Let us see that \(s\) is a \(C^\infty\) immersion.
\(s\) is \(C^\infty\), by the supposition.
Let \(u \in U\) be any.
Let us take any trivializing chart, \((U_u \subseteq U, \phi_u)\), with a trivialization, \(\Phi: \pi^{-1} (U_u) \to U_u \times \mathbb{R}^k\), by the proposition that for any \(C^\infty\) vectors bundle, a trivializing open subset is not necessarily a chart open subset, but there is a possibly smaller chart trivializing open subset at each point on any trivializing open subset: take a trivializing open neighborhood of \(u\), \(U'_u \subseteq M\), such that \(U'_u \subseteq U\), and take \(U_u\) such that \(U_u \subseteq U'_u\).
By the proposition that for any \(C^\infty\) vectors bundle, the trivialization of any chart trivializing open subset induces the canonical chart map, there is the canonical chart, \((\pi^{-1} (U_u) \subseteq E, \widetilde{\phi_u})\), where \(\widetilde{\phi_u}: \pi^{-1} (U_u) \to U_u \times \mathbb{R}^k \to \mathbb{R}^{d + k} \text{ or } \mathbb{H}^{d + k}, v \mapsto (\pi_2 (\Phi (v)), \phi_u (\pi (v)))\), where \(\pi_2: U_u \times \mathbb{R}^k \to \mathbb{R}^k\) is the projection.
Let us think of the differential of \(s\) at \(u\), \(d s_u: T_uU \to T_{s (u)}E\).
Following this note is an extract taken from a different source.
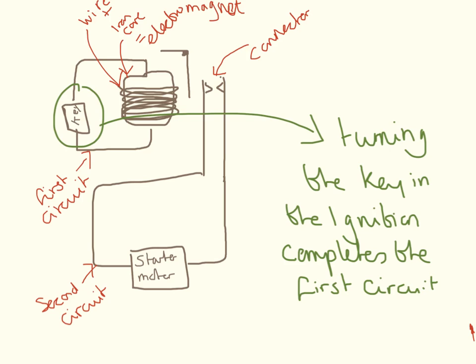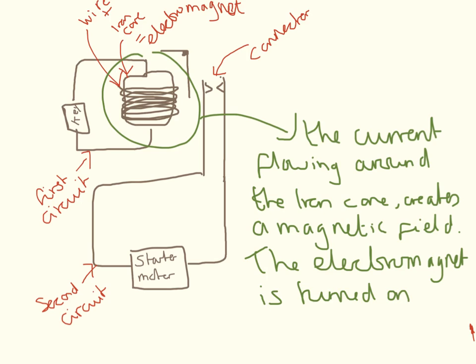So the first thing that needs to happen is the key in the ignition gets turned on. This completes the first circuit. Now the current can flow around the iron core. This creates a magnetic field and the electromagnet is turned on.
With the standard bases for \(T_uU\) and \(T_{s (u)}E\) with respect to the charts, the components function of \(d s_u\) is \((v^j) \mapsto (\partial_l \hat{s}^j v^l)\) where \(\hat{s} = \widetilde{\phi_u} \circ s \circ {\phi_u}^{-1}: \phi_u (U_u) \subseteq \mathbb{R}^d \to \widetilde{\phi_u} (\pi^{-1} (U_u)) \subseteq \mathbb{R}^{d + k} \text{ or } \mathbb{H}^{d + k}\) is the components function of \(s\), by the proposition that for any \(C^\infty\) map between any \(C^\infty\) manifolds with boundary and any corresponding charts, the components function of the differential of the map with respect to the standard bases is this.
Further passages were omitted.